The symptons can be seen in the “Scotty Doesn’t Know” scene, where Matt Damon plays a rambunctious cock who stoats his way through a song about banging a girl who’s cheating on her boyfriend with him. If you look really closely, you can see a glimmer of all his other roles- Tom Ripley, Will Hunting, even bloody Jason Bourne-trapped in the this Guantanamo Bay of acting. It’s the look in an actor’s eyes as they realize to want extent they are pissing on their credibility, and is specific to actors who were once good. Or at least not Keira Shitely. Some actors don’t seem to be afflicted by this: James Spader in Secretary, for example, seems perfectly able to quell this inner turmoil when presented with Maggie Gyllenhaal’s naked derriere. That said, even his more thinky roles involved him screwing Rosanna Arquette’s leg wound and, in a far more disturbing scene, making love to Andie McDowell, so his ability to feel any sort of remorse is clearly already in question.

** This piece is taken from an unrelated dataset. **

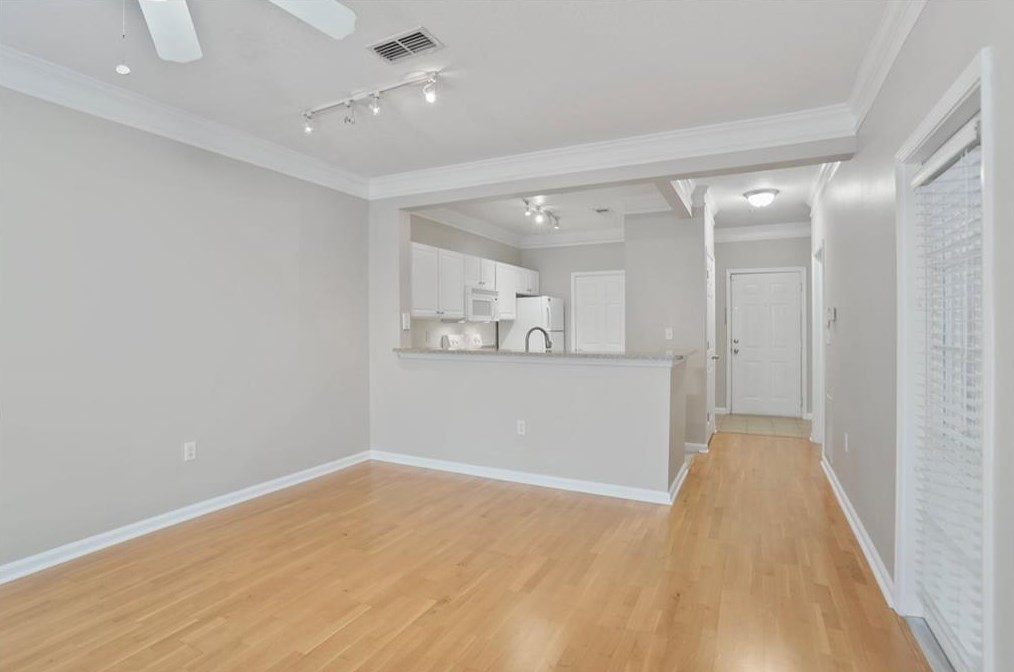 5301 Westchester Rdg, Atlanta, GA 30329-7802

It can be seen on television, on occasion: every cast member of How I Met Your Mother has moved onto or already done good things, and you can see the thundering, crushing embaressment behind their eyes from Season 7 onwards. Weep for them. Weep for Glee’s Jane Lynch too, a brilliant comic actress trapped in the biggest American disaster since the sinking of the Lusitania.
So I’ve decided to set up a charity to help these emotionally impoverished stars and coincidentally not to pay to get the vodka stains removed from my favourite jacket: Cheering Up for the Nominally Talented. Give generously.